As most of you know, Lesson 9’s got a pretty steep learning curve, as is generally characteristic for Part 2. I found myself struggling to keep in mind many of the moving parts as Jeremy works through SSD, the architecture, the loss function and all related elements.
I’ve lost count of how many times I’ve replayed the lecture, and I finally feel like I understand the topic sufficiently to write a “plan English” post on it. I’m hoping that with a top-level idea of how SSD works, the various pieces of the lecture become easier to place in their context.
Before throwing it out there, would one of you be willing to spend 10 minutes going through it to check whether I’m not completely making things up here?



I like this statement a lot, I think it can be very helpful to someone learning this:

No problem, I’ll help you out: I’ll just feed you a pre-defined list of anchor boxes you can use. All you have to do is shift them around a little, or maybe scale them a bit, so that they contain whatever is in the vicinity of that box. Oh, and I’ll need you to tell me what the class is of the object is you’ve got in those boxes.

On the loss function, I am not sure the paragraph is very clear. Overlap information is only used for assigning ground truth boxes / predictions to anchor boxes. It is non differentiable and we cannot use it to backpropagate the error. The loss is based on incorrectly predicting class (or saying an object of some class is assigned to an anchor box when in actuality there is none) and the error in offset predictions.

As for the last paragraph - its single shot because there is a single network we send the image through. Other archs might consist of multiple stages, hence the naming. For instance, we might first have some model that detects regions of interest, another stage that does classification on those regions, another stage to refine predictions, etc.

Thanks Radek, that’s really good feedback! It’s forced me to reconsider some of my understanding and solidify it.
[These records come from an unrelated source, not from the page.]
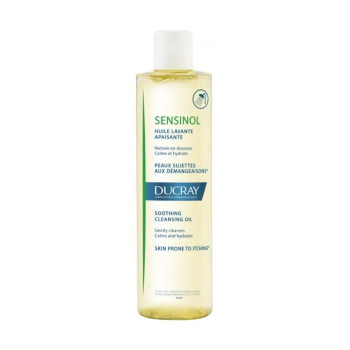 Ducray Sensinol Huile Lavante Apaisante 400ml | Kermatone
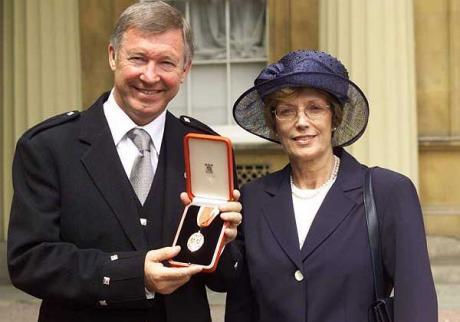 红魔曼联巅峰时刻,曼联最伟大主教练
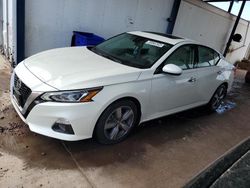 Salvage cars for sale at Phoenix, AZ auction: 2020 Nissan Altima SL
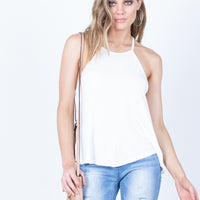 Front View of Active Days Tank Top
I’ve re-written the part on the loss function to draw a clearer distinction between the matching stage and the loss calculation. I hope that does a better job at clarifying the fact that matching is just about deciding whether we should calculate the loss, but doesn’t actually affect the loss calculation itself (i.e. matching is not related to backprop).

I’ve published the post now, but if there’s more feedback I’d be happy to hear it!